As a homeschooler with more limited space available to store items, I can not imagine amassing that kind of collection. However, I can see how using puppets can help to enrich the learning experience. I won’t argue that playful learning is often better retained than following along in textbooks and workbooks.
Puppetools is a website trying to engage educators in the use of puppets for learning. Along with research information (both print and audio files) and some hands-on suggestions, the site also features many examples of puppets. The featured puppets are not just by teachers as students are encouraged to make their own.
After watching a brief orientation video that extols the virtues of play in learning, you can explore the site a number of different ways. Clicking on the educators tab shows both public and educator resource topics. From here, you can find out about the backbone of your puppetmaking adventure – the ‘paper talker’ hinge. Once this step is mastered, you can truly get creative with the puppets you make.
There are a few patterns you can see without a subscription and then some more that are accessible once you are a subscriber. However, as I already mentioned the site has lots of pictures of students and teachers showcasing the puppets they’ve made. For someone needing just a spark of an idea, this site possesses a wealth of information. Just don’t expect lots of ready to print, cut and fold puppets to help you on your educational journey.
Beyond using puppets in your story telling adventures, the site has resources discussing the use of puppets in problem solving and communication as well. The science behind puppet play is another interesting resource for educators. One would think it intuitive that play is one way in which children learn, but I know there are some out there than need the “evidence” that it is worthwhile. The site also has a few flash videos specific for parents to watch as they integrate the use of puppets for learning in their home.
My Takehome on Puppetools
For the individual homeschool family, Puppetools may hold limited appeal. You can have a test subscription of 60 days access for $20. For many homeschool families, the 60 days of access is probably all you’d need.
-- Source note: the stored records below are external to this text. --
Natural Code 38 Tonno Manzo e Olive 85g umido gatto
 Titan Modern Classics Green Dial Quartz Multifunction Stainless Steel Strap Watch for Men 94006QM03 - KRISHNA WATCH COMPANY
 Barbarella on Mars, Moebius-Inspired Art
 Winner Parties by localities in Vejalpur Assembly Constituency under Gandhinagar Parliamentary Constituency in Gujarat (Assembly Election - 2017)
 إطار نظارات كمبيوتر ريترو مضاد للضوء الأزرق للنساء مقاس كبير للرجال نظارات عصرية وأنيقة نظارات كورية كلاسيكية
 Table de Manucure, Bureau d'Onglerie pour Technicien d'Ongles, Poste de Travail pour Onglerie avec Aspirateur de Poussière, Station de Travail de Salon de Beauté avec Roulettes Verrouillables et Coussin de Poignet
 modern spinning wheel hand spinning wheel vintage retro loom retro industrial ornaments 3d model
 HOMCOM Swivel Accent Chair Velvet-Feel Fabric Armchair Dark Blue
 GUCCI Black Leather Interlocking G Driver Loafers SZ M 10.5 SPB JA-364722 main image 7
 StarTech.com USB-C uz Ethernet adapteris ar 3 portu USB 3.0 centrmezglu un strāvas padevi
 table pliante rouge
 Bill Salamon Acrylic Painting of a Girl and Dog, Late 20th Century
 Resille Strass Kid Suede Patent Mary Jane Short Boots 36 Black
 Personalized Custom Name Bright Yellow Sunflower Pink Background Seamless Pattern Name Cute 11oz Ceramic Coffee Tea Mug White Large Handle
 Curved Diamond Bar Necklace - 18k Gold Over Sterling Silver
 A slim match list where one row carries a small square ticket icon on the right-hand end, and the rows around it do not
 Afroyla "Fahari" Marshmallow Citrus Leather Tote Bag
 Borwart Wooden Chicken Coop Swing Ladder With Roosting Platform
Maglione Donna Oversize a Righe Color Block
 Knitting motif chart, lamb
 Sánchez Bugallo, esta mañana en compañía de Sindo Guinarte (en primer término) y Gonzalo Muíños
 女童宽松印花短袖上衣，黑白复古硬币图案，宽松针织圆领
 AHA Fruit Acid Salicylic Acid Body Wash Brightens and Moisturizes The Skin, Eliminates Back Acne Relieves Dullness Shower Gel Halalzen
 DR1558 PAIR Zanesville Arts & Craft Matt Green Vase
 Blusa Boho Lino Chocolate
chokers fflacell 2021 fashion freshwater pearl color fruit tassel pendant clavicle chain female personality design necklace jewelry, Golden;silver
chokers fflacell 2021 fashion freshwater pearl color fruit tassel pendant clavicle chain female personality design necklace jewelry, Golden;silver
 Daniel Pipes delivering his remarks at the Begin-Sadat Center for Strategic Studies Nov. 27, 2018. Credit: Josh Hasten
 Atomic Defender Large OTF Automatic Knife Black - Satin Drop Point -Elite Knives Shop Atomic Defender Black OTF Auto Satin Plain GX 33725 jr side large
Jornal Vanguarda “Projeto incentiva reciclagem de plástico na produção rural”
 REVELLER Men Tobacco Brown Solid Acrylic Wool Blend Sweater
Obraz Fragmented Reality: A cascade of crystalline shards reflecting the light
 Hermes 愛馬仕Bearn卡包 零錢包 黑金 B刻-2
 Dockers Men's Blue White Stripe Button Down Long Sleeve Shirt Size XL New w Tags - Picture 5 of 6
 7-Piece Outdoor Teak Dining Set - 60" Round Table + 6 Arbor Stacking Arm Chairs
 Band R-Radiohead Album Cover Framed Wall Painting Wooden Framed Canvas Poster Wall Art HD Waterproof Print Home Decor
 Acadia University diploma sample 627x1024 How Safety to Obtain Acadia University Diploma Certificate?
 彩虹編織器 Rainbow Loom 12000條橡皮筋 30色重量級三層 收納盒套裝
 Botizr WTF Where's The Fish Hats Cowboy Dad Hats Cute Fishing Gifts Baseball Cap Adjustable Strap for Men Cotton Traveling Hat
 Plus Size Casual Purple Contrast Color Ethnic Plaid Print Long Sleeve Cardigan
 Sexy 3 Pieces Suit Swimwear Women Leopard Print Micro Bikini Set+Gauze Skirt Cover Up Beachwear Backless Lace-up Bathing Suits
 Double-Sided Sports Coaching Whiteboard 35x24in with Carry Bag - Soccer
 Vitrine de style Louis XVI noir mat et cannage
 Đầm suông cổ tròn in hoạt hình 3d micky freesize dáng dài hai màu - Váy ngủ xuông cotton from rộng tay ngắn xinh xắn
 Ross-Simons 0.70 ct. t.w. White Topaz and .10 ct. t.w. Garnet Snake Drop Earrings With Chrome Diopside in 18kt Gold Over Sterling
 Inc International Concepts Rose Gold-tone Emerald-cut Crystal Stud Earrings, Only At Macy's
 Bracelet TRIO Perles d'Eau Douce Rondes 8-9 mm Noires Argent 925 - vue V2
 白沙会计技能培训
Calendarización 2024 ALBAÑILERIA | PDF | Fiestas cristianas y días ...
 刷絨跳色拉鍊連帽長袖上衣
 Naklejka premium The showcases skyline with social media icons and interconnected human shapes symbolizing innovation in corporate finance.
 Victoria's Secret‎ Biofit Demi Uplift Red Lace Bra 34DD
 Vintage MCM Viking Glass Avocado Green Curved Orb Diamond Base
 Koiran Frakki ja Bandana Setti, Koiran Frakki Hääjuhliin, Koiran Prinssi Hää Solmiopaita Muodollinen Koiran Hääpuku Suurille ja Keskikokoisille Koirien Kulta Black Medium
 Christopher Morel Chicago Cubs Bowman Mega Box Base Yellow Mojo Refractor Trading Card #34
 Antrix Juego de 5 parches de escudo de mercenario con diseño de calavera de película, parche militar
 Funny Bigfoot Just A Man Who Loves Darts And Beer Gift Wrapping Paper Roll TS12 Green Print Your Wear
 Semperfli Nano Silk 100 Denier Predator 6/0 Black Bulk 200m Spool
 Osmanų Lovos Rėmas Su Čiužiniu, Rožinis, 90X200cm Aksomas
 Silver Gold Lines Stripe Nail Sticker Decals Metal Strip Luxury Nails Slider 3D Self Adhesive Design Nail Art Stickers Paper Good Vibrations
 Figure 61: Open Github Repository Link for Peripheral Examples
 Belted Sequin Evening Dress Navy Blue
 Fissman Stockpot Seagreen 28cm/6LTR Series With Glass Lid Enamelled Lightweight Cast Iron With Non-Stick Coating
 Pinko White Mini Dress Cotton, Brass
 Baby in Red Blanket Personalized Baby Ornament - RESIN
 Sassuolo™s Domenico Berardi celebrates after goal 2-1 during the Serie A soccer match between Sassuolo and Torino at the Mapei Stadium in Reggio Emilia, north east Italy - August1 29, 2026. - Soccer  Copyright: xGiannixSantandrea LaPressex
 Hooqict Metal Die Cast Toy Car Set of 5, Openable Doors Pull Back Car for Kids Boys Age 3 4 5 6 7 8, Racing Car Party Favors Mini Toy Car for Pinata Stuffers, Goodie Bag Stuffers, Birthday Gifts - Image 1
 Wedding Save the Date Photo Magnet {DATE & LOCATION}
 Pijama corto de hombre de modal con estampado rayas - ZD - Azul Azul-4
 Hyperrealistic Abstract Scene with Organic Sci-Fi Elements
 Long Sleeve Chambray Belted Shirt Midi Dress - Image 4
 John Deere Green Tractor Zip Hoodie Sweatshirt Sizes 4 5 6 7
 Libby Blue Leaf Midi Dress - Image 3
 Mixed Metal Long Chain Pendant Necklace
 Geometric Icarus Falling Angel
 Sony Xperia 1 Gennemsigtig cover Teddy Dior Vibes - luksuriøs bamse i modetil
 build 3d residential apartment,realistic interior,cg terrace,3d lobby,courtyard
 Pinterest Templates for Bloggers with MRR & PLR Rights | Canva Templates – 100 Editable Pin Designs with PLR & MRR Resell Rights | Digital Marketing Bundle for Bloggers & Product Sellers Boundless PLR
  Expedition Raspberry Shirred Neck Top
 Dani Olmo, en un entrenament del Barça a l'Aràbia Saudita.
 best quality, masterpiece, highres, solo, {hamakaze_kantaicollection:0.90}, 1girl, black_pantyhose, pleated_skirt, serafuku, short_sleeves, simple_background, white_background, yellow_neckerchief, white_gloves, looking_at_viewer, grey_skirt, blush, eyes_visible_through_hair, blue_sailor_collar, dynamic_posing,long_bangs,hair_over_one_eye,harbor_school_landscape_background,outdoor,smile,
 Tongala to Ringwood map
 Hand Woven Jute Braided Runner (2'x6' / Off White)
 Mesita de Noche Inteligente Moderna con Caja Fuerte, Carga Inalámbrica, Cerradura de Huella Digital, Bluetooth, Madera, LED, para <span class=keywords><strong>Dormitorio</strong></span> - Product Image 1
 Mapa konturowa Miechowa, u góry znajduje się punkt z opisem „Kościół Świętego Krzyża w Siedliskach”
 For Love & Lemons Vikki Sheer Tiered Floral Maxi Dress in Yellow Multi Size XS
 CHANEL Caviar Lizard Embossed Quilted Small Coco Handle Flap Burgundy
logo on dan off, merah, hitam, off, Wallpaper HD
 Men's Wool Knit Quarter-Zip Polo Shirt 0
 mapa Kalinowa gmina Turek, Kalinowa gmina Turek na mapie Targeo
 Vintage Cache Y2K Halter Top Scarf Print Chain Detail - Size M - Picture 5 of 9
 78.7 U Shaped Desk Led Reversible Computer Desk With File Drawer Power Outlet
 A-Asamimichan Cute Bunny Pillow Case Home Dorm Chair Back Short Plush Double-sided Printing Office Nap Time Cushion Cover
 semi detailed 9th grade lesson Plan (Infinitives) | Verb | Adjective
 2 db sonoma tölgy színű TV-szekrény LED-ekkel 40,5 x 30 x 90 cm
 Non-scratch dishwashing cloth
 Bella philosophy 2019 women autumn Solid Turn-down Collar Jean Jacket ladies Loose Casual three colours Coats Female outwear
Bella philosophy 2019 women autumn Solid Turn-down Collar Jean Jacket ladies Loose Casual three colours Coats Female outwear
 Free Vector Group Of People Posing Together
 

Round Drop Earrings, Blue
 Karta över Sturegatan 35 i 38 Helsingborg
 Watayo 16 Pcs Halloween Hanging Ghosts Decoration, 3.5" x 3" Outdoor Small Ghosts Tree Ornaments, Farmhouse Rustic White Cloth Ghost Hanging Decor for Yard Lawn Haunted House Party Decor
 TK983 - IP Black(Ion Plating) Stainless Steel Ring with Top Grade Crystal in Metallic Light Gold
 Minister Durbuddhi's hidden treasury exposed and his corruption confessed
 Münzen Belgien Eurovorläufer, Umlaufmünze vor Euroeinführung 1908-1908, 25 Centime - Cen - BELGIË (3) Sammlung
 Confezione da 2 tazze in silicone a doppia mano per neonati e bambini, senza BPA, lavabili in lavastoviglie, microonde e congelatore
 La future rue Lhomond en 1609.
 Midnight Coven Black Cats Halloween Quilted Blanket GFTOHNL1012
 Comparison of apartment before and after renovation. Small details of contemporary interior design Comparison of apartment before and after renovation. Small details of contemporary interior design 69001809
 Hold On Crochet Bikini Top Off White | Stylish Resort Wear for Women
However, the subscription option for a group is a more cost effective option. The group subscription is $99 for one year and up to 30 users. A really big homeschool group could offer this as a benefit to its members for about $2 per family each year. So long as you have at least 4 other homeschool families, you could have access for one year at the same cost (or lower if there are more families) as the 60 day trial. I doubt this is a resource I would have sought out or spent money on, but it could make a great ‘perk’ for a homeschool group membership.